=== SOURCE MATERIAL ===

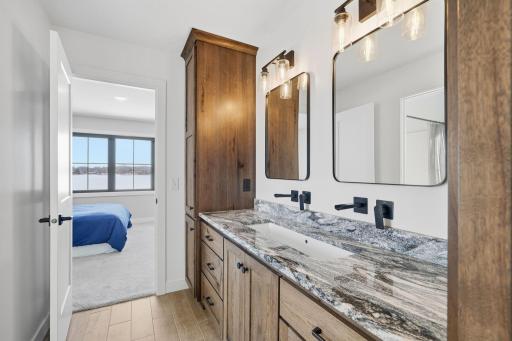 Jack and Jill bathroom connecting upper level bedrooms!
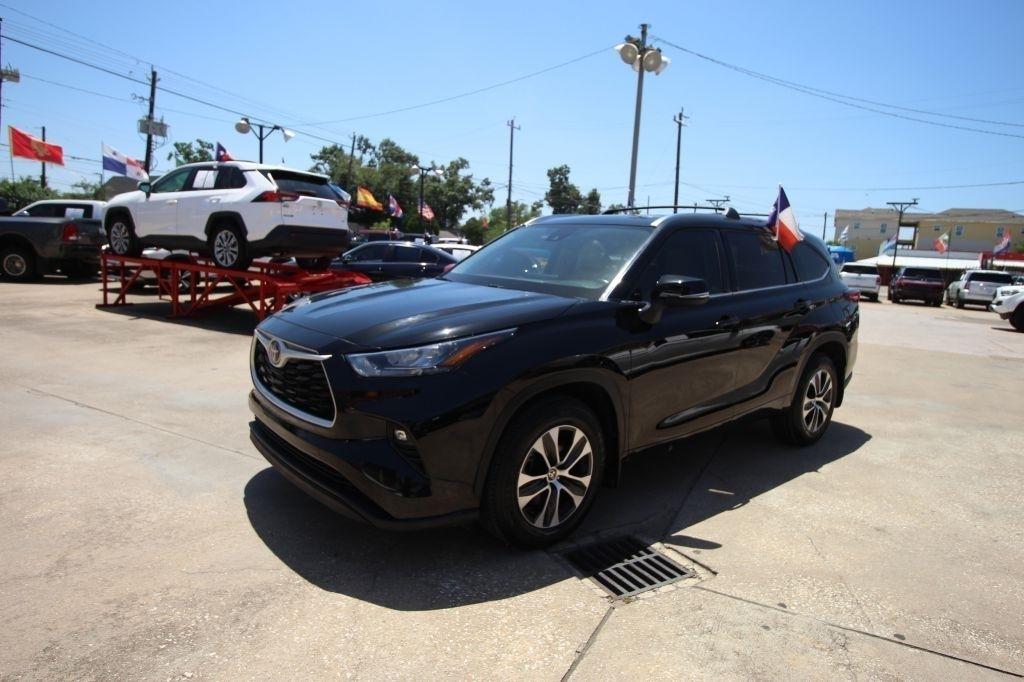 Toyota Highlander XLE AWD V6 2020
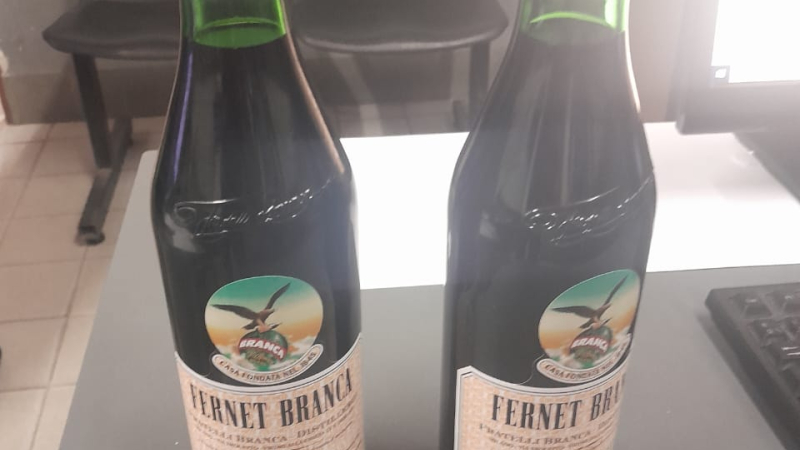 Resistencia: se llevaron dos fernet sin pagar de un supermercado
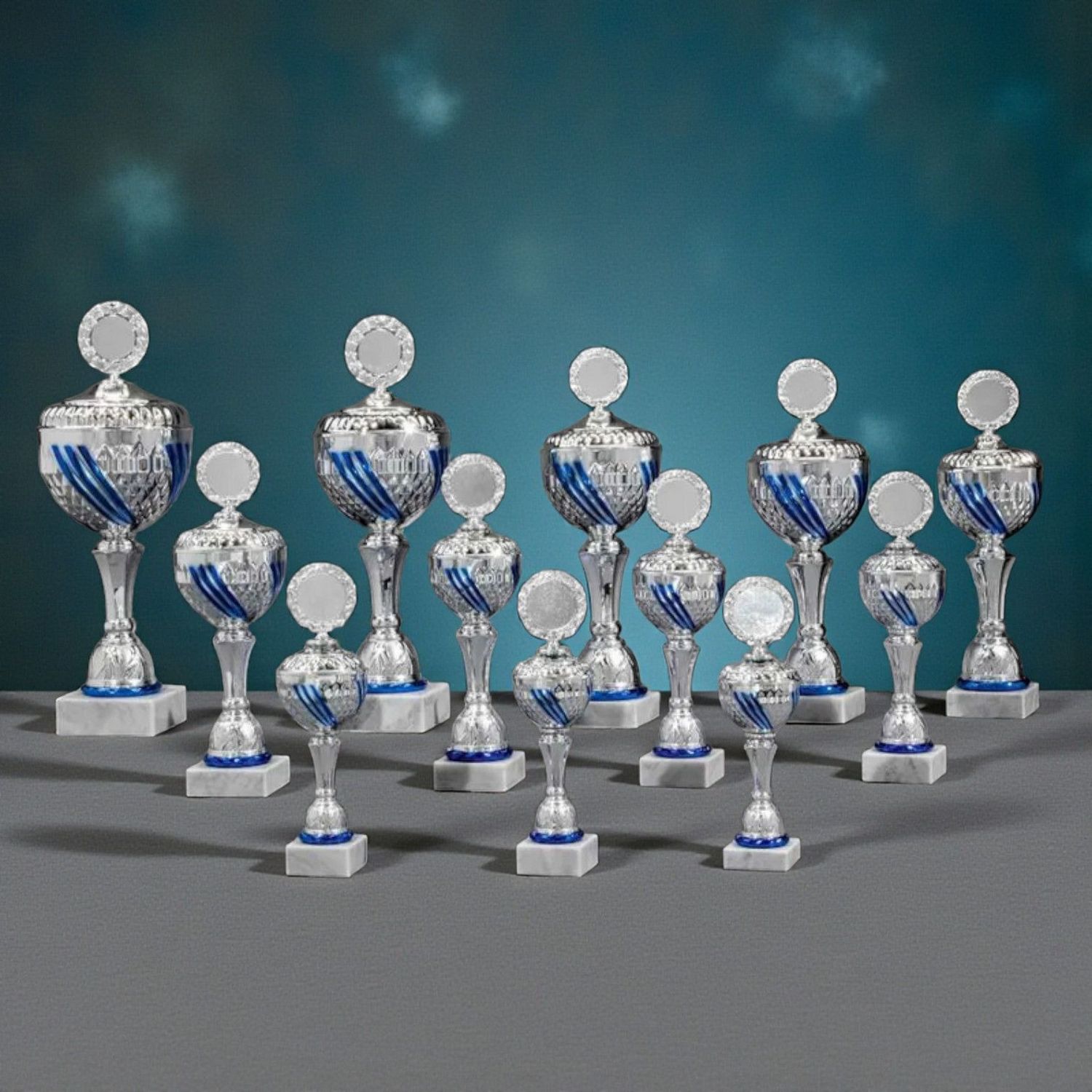 Pokal Pokal Daydream, 12er-Serie, klassischer Pokal mit Deckel, blauen Akzenten, Marmorsockel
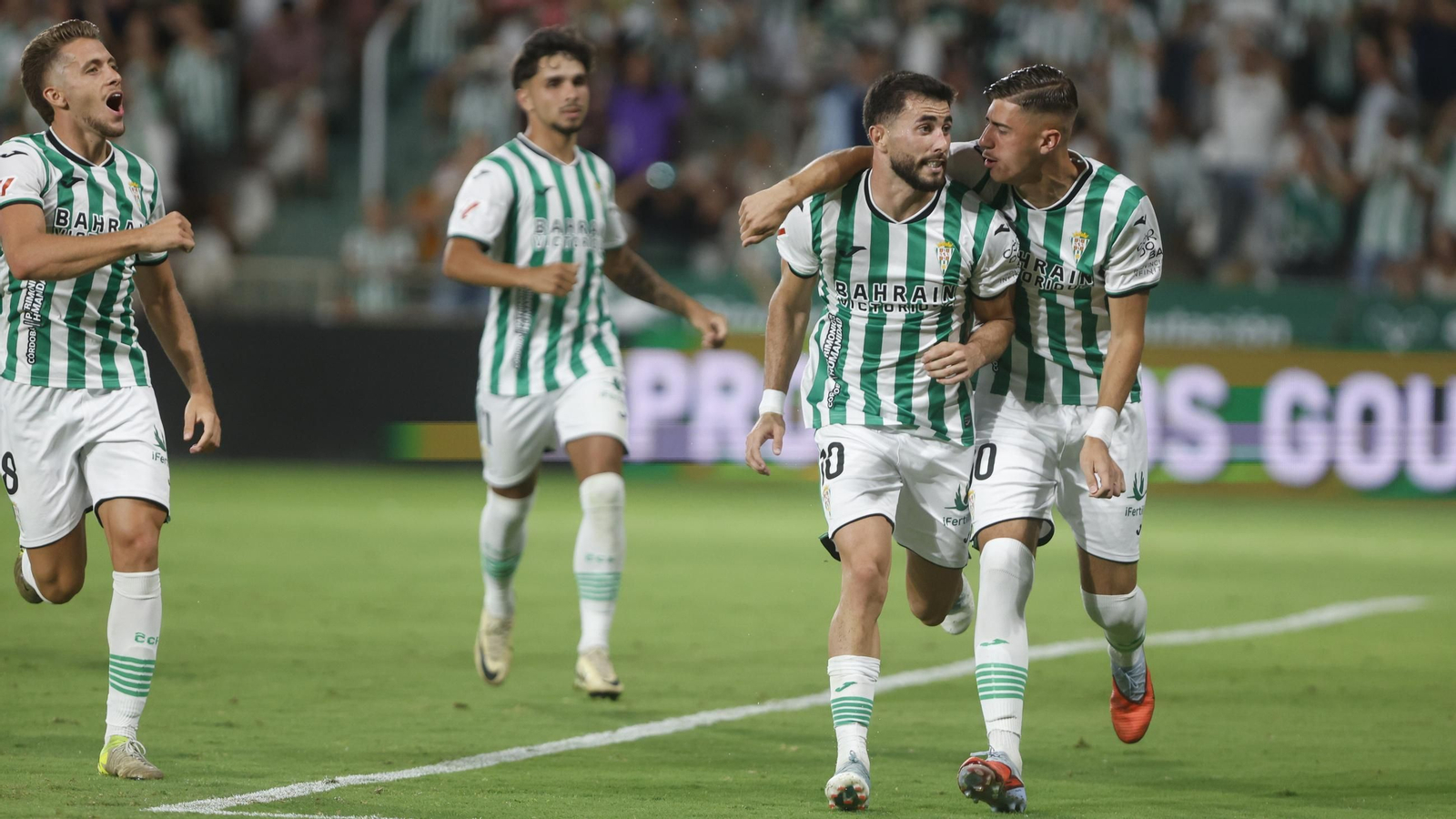 Jacobo recibe el abrazo de Requena tras su gol en el Córdoba CF - Castellón.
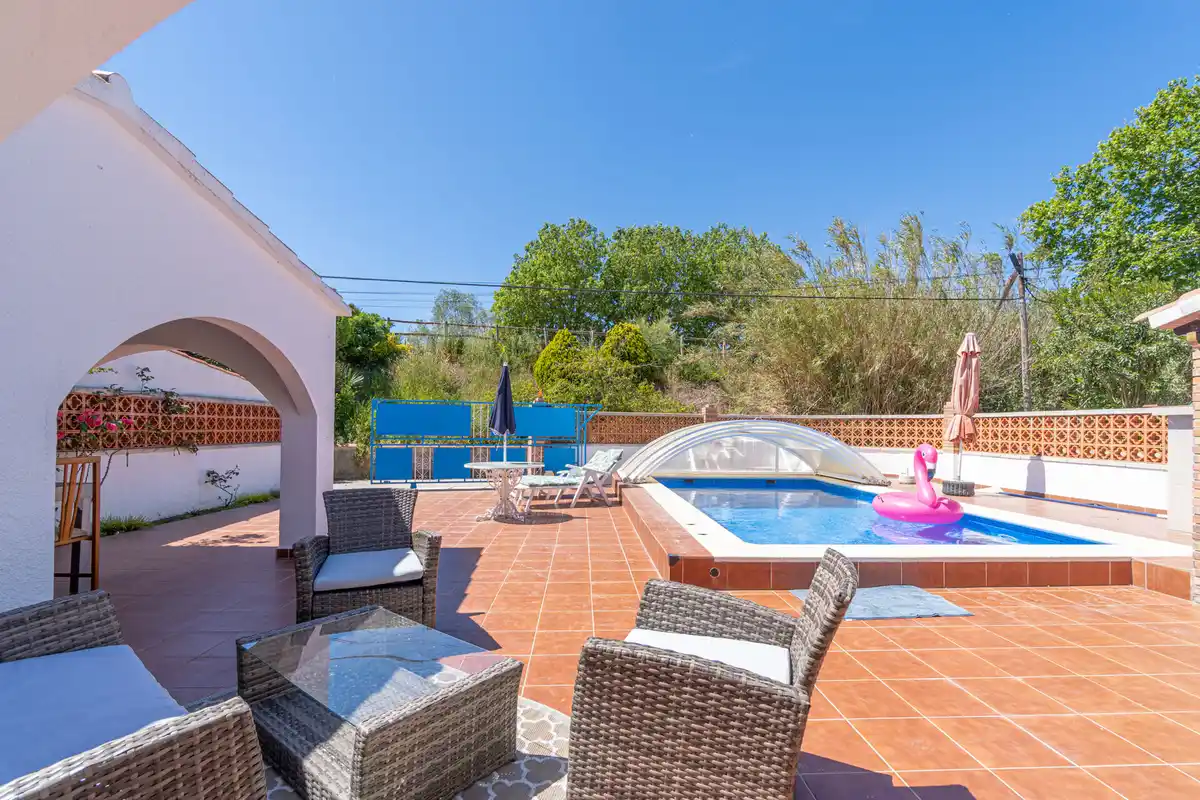 Casa 3 habitaciones con piscina a 10 minutos de la playa de Empuriabrava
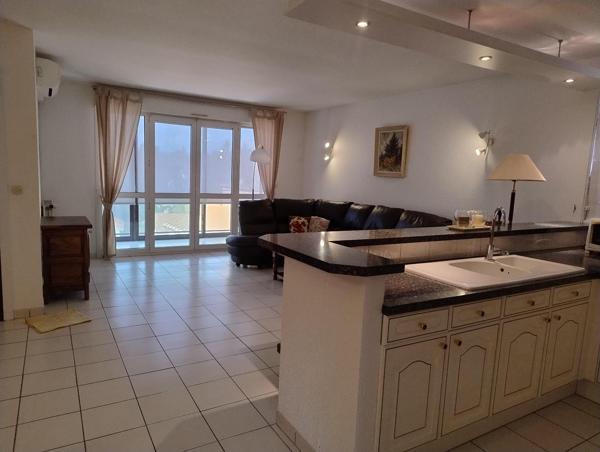 Appartement pièces de 68 m² à Andrezieux boutheon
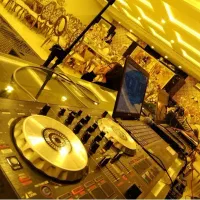 اجرای مراسم توسط دیجی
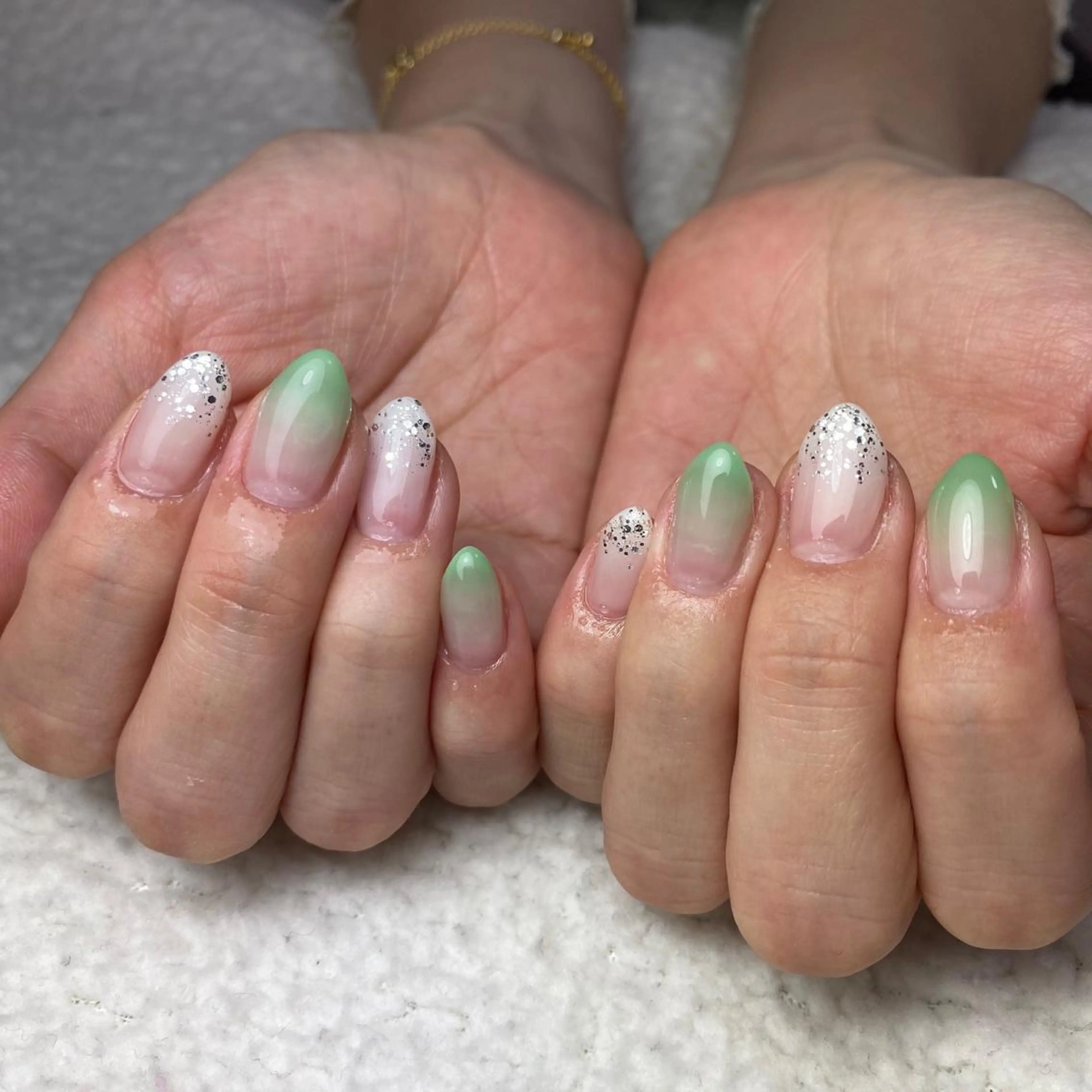 ネイル グラデーション ラメ(グリッター) シンプルネイル 春ネイル ハンドネイル COCO+所属・COCO +のエステ・リラクイメージ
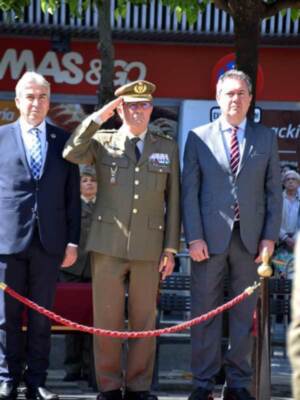 En el homenaje a el capitán Luis Daoiz estuvo el Regimiento de Artillería Antiaérea nº74.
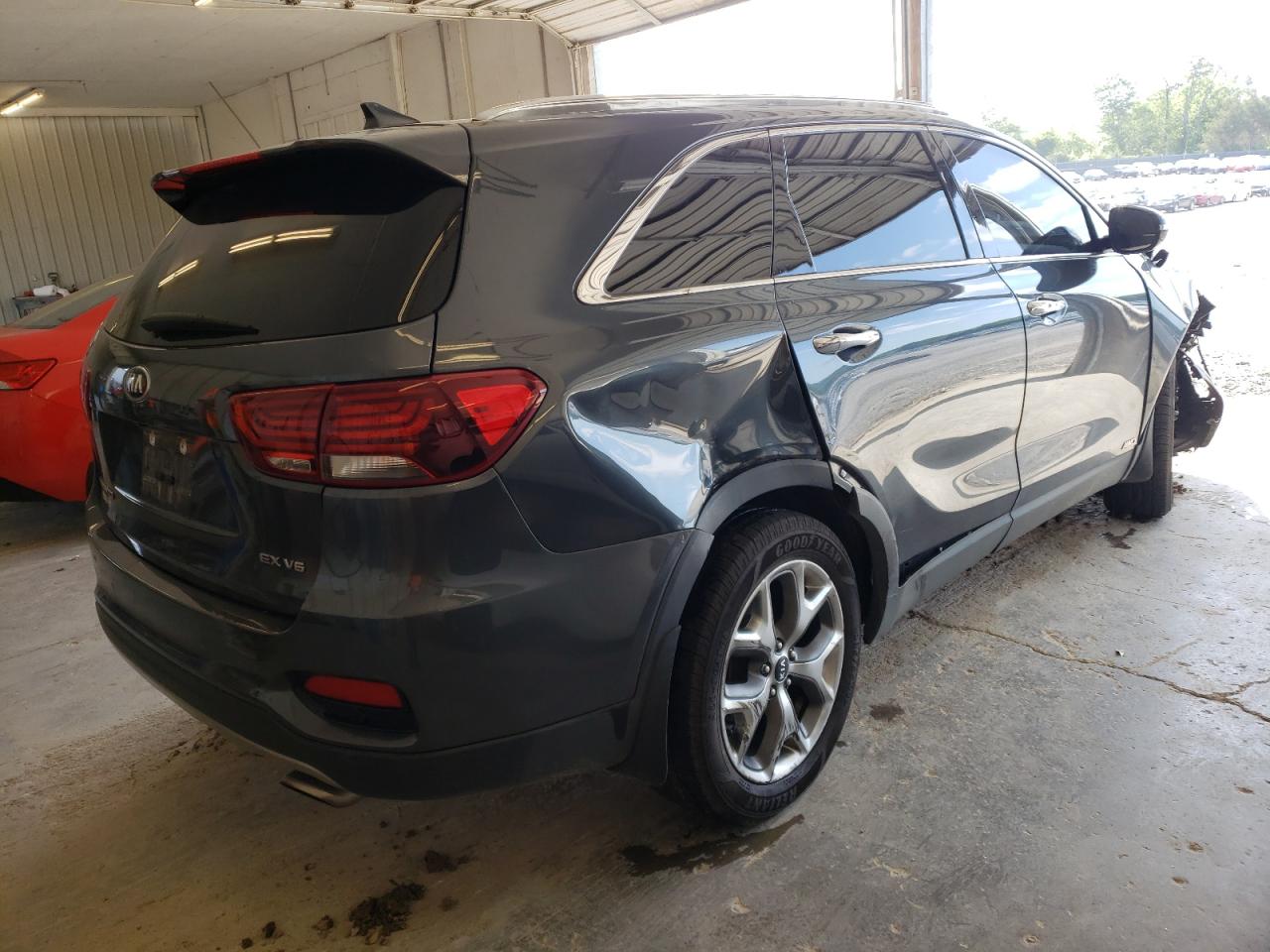 Photo 16 from auction – 2019 KIA SORENTO EX with VIN 5XYPHDA56KG605839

===

THE PROBLEM: Retype exactly the lines from the line containing "ネイル グラデーション ラメ(グリッター)" through the end of the entries above, including both ends, and leave every picture out.

SOLUTION FOR THIS TASK:
 ネイル グラデーション ラメ(グリッター) シンプルネイル 春ネイル ハンドネイル COCO+所属・COCO +のエステ・リラクイメージ
 En el homenaje a el capitán Luis Daoiz estuvo el Regimiento de Artillería Antiaérea nº74.
 Photo 16 from auction – 2019 KIA SORENTO EX with VIN 5XYPHDA56KG605839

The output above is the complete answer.